Monday, 16 October 2017
Australian Border Force Amendment (Protected Information) Bill 2017; In Committee
by leave—I move the amendments standing in my name on sheet 8251:
(1) Schedule 1, item 1, page 3 (lines 9 to 31), omit the definition of Immigration and Border Protection information, substitute:
Immigration and Border Protection information means information of any of the following kinds that was obtained by a person in the person's capacity as an entrusted person:
(a) information the disclosure of which would or is reasonably likely to damage the security (within the meaning of section 4 of the Australian Security Intelligence Organisation Act 1979), defence or international relations (within the meaning of section 10 of the National Security Information (Criminal and Civil Proceedings) Act 2004) of Australia;
(b) information the disclosure of which would or is reasonably likely to prejudice the prevention, detection or investigation of, or conduct of proceedings relating to, an offence or contravention of a civil penalty provision;
(c) information the disclosure of which would or is reasonably likely to prejudice the protection of public health, or endanger the life or safety of an individual or group of individuals;
(d) information the disclosure of which would or is reasonably likely to found an action by a person (other than the Commonwealth) for breach of a duty of confidence and is damaging to the regulatory function of the Department;
(e) information the disclosure of which would or is reasonably likely to cause competitive detriment to a person;
(f) information of a kind prescribed in an instrument under subsection (7).

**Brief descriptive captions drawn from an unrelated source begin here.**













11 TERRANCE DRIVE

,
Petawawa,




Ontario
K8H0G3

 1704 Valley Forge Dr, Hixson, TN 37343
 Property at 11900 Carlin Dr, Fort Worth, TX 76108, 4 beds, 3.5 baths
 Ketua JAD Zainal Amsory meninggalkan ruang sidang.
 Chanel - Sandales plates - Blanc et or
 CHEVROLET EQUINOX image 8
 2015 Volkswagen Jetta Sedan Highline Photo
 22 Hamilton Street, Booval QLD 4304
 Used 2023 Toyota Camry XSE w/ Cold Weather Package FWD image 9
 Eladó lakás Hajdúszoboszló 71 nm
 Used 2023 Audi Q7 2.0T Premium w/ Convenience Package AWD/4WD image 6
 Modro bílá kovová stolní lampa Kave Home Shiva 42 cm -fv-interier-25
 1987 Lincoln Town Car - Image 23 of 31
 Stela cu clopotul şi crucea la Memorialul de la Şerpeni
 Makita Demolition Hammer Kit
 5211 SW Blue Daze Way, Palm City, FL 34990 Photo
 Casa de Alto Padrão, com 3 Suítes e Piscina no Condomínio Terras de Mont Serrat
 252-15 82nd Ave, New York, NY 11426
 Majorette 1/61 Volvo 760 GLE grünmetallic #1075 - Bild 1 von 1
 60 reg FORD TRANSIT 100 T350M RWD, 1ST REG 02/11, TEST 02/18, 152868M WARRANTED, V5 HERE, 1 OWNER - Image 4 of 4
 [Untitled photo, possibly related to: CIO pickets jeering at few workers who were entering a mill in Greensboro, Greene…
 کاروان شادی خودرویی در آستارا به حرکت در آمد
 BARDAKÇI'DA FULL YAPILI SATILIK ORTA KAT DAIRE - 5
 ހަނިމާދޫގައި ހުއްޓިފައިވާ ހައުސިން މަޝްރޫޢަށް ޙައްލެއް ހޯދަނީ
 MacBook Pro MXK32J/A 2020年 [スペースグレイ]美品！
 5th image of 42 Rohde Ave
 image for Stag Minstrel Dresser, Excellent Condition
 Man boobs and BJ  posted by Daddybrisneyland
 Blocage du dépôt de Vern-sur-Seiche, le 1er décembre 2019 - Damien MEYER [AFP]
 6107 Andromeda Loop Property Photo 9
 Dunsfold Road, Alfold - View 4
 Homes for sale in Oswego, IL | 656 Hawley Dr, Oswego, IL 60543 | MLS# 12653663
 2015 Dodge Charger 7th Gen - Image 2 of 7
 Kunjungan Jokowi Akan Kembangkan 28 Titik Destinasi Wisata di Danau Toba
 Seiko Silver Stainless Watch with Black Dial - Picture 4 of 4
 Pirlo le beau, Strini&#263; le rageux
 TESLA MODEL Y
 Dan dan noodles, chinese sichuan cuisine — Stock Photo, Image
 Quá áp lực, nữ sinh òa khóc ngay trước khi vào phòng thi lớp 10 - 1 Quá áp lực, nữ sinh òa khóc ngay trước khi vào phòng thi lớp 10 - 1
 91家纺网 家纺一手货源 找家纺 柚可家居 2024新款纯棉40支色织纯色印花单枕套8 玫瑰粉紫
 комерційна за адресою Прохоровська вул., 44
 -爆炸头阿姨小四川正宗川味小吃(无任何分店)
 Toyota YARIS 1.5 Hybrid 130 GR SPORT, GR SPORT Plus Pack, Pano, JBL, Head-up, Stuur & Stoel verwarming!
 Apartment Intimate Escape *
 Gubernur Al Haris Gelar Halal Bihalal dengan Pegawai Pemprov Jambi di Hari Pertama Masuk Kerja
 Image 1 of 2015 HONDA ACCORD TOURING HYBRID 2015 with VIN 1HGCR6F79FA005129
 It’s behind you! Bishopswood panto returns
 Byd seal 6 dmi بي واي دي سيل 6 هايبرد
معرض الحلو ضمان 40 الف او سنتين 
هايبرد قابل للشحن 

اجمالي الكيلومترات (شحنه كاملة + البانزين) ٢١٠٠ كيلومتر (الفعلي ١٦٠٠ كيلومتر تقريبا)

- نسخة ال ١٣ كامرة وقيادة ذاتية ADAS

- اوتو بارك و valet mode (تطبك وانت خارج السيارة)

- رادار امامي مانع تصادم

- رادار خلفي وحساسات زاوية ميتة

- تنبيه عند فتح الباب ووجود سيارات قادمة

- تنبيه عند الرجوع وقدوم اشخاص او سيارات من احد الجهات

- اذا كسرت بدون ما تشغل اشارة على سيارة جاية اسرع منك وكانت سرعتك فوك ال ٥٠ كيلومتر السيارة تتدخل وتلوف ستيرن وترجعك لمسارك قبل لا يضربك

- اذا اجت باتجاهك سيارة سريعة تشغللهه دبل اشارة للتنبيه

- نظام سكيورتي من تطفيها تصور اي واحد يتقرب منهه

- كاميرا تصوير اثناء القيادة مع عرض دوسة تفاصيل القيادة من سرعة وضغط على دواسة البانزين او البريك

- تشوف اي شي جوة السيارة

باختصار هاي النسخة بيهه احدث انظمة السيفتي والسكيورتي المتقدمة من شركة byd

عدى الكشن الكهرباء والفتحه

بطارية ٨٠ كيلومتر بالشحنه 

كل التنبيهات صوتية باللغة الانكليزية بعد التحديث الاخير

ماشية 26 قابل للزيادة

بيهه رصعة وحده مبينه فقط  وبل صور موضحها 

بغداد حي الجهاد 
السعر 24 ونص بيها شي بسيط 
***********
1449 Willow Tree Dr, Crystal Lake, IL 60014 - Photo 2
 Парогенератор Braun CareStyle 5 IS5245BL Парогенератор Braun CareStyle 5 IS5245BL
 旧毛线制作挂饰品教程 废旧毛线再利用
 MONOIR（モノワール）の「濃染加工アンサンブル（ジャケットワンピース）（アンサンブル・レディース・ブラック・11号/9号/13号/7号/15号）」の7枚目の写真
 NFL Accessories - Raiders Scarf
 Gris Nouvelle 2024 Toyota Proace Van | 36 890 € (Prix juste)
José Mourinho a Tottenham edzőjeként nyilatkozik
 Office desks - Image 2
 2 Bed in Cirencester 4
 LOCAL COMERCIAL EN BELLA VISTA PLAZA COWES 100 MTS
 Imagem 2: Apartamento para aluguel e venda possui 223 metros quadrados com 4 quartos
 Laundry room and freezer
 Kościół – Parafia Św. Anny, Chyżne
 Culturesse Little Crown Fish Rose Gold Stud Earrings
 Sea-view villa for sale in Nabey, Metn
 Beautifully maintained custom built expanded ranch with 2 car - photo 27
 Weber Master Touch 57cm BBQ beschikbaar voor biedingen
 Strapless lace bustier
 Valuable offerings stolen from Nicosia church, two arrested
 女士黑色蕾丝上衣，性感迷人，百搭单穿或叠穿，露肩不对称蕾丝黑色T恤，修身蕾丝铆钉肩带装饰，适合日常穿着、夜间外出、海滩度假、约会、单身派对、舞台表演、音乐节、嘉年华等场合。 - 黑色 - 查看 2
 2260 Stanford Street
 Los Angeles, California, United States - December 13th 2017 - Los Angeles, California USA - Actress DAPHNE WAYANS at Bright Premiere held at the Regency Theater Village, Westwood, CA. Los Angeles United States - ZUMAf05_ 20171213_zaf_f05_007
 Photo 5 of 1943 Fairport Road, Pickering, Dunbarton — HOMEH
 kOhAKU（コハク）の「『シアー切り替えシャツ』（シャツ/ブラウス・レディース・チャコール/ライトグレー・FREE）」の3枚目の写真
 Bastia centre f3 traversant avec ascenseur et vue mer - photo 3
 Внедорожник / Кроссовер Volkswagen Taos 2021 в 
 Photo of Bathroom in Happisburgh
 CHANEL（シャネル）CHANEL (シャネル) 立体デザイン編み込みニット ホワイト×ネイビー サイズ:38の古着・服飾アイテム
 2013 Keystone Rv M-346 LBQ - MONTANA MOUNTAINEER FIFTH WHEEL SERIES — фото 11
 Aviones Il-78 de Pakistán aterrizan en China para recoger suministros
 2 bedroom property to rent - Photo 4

Note: See also subsections (4) to (7).
(2) Schedule 1, item 5, page 4 (line 16) to page 5 (line 7), omit the item, substitute:
5 At the end of section 4
(5) Without limiting the definition of Immigration and Border Protection information in subsection (1), information that has originated with, or been received from an intelligence agency is taken to be information the disclosure of which would or is reasonably likely to prejudice the security, defence or international relations of Australia.
(6) Without limiting the definition of Immigration and Border Protection information in subsection (1), information that was provided to the Commonwealth pursuant to a statutory obligation or otherwise by compulsion in law is taken to be information the disclosure of which would or is reasonably likely to found an action by a person (other than the Commonwealth) for breach of duty of confidence.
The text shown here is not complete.